While the High Court voted unanimously to allow Prime Minister Binyamin Netanyahu to form a new government, publication of the judges’ full decisions on Wednesday showed that at least one member of the panel believed he should have been disqualified on moral, if not legal, grounds.
Justice Menachem Mazuz wrote, “The reality in which a criminal suspect forms a government and leads it reflects a social crisis and moral failure of the society and of Israel’s political system.”

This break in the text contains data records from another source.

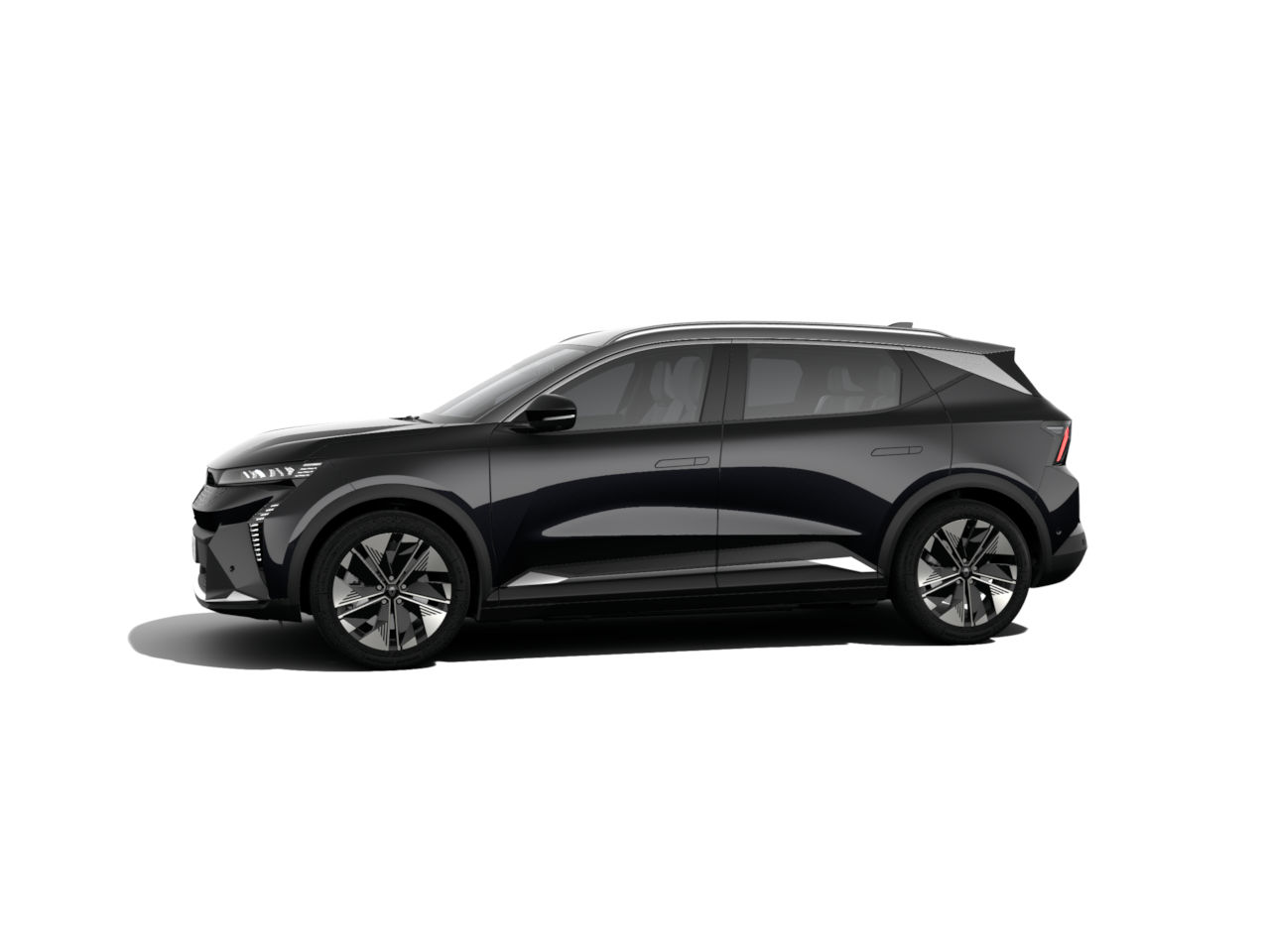 Renault Scenic E-Tech 100% elektrisch
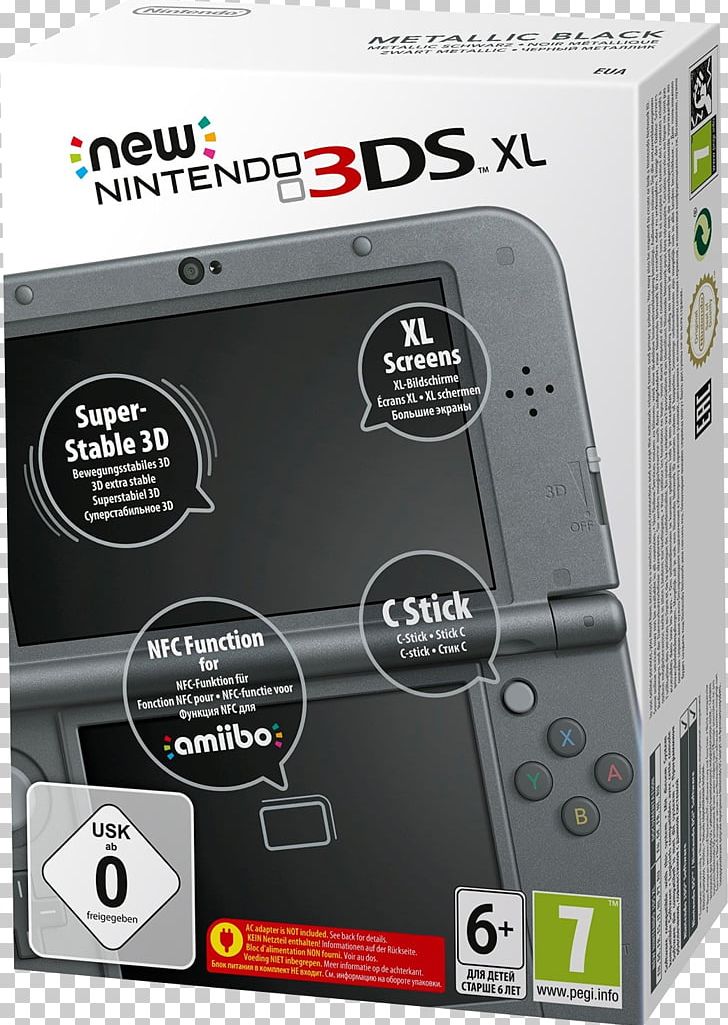 Super Nintendo Entertainment System Nintendo 3DS XL New Nintendo 3DS Video Game Consoles PNG, Clipart, 3 Ds, Electronic Device, Electronics, Gadget, Nintendo Free PNG Download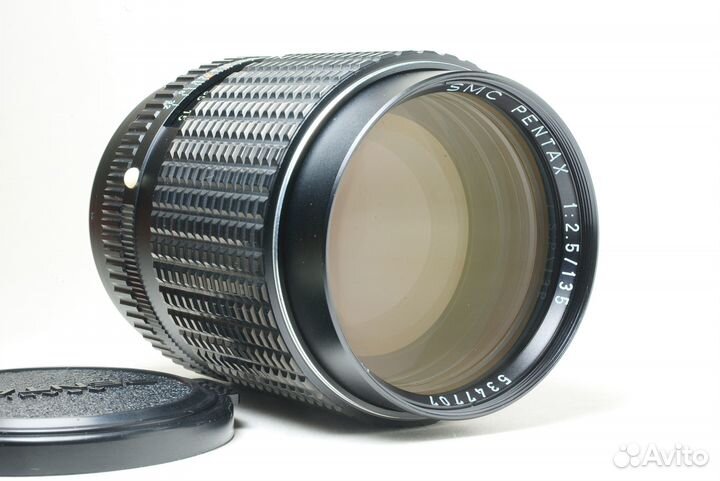 SMC Pentax 135 mm 2.5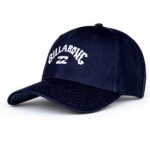 Billabong Arch Flexfit Cappello Uomo Baseball Cotone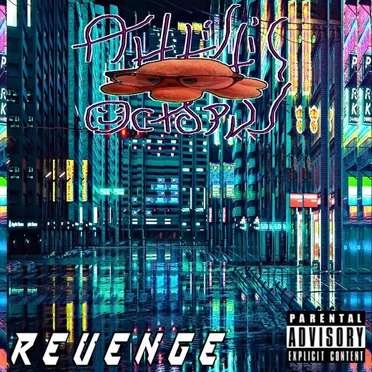 Revenge by Autistic Octopus - album cover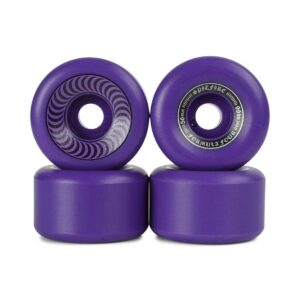 Spitfire Formula Four OG Classics 99D 56mm Wheels - Purple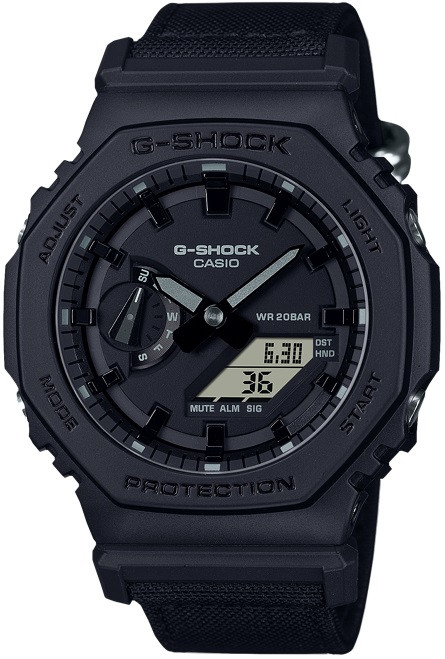 Наручний годинник Casio G-Shock GA-2100BCE-1A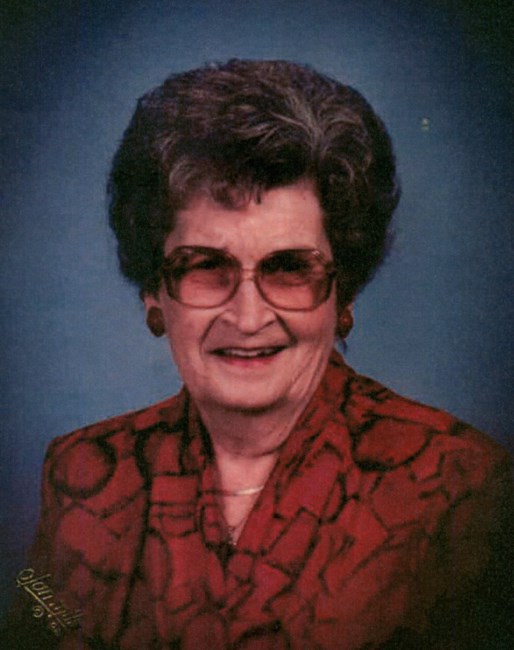 Obituary of Ruth Bozeman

Netanyahu’s Likud party, reacted with indignation, saying “the citizens of Israel elected Prime Minister Netanyahu by a huge margin, which saw Likud receive the largest number of votes that a single party has received in the history of the state. It was a huge victory for the right-wing leader and an unequivocal declaration of confidence in him. In democracies, the citizens vote at the ballot station and choose the prime minister. Whoever wants to replace the prime minister can certainly run in the next election and let the citizens decide for themselves.”
The statement was in line with previous defenses of Netanyahu, arguing that the left-wing judiciary and media were seeking to drive him from office by undemocratic means.
Likud won 36 of the Knesset’s 120 seats in March, compared to 33 for Benny Gantz. Other parties in Israel’s history have won more seats, but due to population growth, Netanyahu’s party picked up more individual votes. A poll released on Wednesday found that if elections were held now, Likud would win 41 seats, and the right-wing bloc 67, more than enough to form a coalition without Gantz.